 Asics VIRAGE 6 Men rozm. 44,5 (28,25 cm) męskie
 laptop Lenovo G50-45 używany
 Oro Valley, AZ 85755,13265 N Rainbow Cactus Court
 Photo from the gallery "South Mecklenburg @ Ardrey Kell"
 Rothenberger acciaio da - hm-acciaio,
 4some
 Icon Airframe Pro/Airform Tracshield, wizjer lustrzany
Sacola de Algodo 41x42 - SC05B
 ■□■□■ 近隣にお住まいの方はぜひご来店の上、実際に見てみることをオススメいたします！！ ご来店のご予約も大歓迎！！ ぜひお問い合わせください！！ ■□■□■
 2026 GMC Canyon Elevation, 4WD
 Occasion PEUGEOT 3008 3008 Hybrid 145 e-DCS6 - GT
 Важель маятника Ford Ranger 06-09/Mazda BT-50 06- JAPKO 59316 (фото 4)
* * * * *
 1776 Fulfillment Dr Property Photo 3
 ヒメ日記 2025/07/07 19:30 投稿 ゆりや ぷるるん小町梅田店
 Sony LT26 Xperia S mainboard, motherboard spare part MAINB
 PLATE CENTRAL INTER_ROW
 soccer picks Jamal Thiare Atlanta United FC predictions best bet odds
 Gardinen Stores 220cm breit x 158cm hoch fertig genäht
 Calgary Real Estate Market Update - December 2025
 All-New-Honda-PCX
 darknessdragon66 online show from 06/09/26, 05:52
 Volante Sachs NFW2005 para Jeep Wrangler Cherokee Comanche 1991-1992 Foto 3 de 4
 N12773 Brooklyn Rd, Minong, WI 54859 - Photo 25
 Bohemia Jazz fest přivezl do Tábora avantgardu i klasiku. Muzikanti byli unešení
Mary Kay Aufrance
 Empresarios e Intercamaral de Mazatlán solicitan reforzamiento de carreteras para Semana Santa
* * * * *
## What is being asked:
Above are some lines. Repeat exactly, and only, those from the line that has "Icon Airframe Pro/Airform" through the line that has "Важель маятника Ford".

## Result:
 Icon Airframe Pro/Airform Tracshield, wizjer lustrzany
Sacola de Algodo 41x42 - SC05B
 ■□■□■ 近隣にお住まいの方はぜひご来店の上、実際に見てみることをオススメいたします！！ ご来店のご予約も大歓迎！！ ぜひお問い合わせください！！ ■□■□■
 2026 GMC Canyon Elevation, 4WD
 Occasion PEUGEOT 3008 3008 Hybrid 145 e-DCS6 - GT
 Важель маятника Ford Ranger 06-09/Mazda BT-50 06- JAPKO 59316 (фото 4)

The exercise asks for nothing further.